Sharma destaca dos razones que podrían favorecernos: por un lado, comentando el caso de Chipre, afirma que si se imponen los salvatajes, el dinero regresará a este tipo de países, bajo el supuesto de que volverán a ser salvados. Y por otro lado, acaso decisivo, sostiene que un default (como el que podría ocurrirle a la Argentina si no arregla) desencadenaría un contagio, arrasando “el castillo de naipes cada vez más frágil” de la economía internacional.

Por estos y otros motivos, entre los que hay que considerar el replanteo conceptual de la macroeconomía en el mundo, pareciera que la piedad se impondrá, beneficiando al país y al gobierno, a pesar de su pobre calidad institucional.

Si ocurre así, el logro habrá que adjudicárselo a Martín Guzmán, que conoce bien la problemática y posee los contactos, y a los Fernández por elegirlo. La Argentina ya dio señales al FMI: cursa un ajuste en el sistema jubilatorio que solo podía ejecutarlo el peronismo. Ahora aguarda que con módicos deberes la ola la arrastre.

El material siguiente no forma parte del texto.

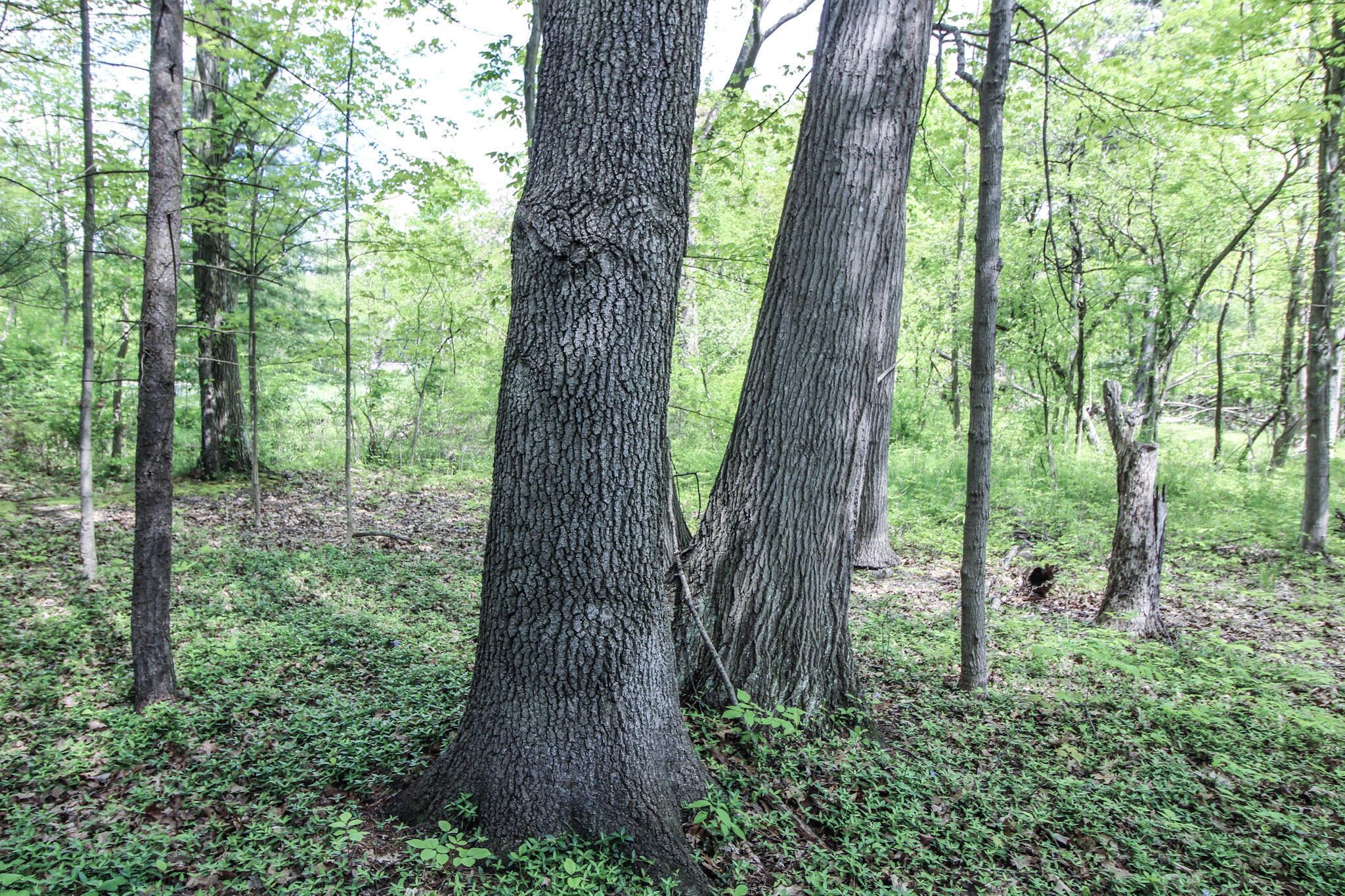 Norton Road, Hudson, Ohio image 27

La conclusión es agridulce y demanda lucidez. Por eso, conviene no comerse los amagues retóricos de Cristina, como hace tanto periodismo. Es más inteligente recordar la sinceridad de Néstor: no se fijen en lo que digo, sino en lo que hago. Al fin, ellos fueron desde el principio hábiles cultores del socialismo de los ricos.

*Analista político. Director de Poliarquía Consultores.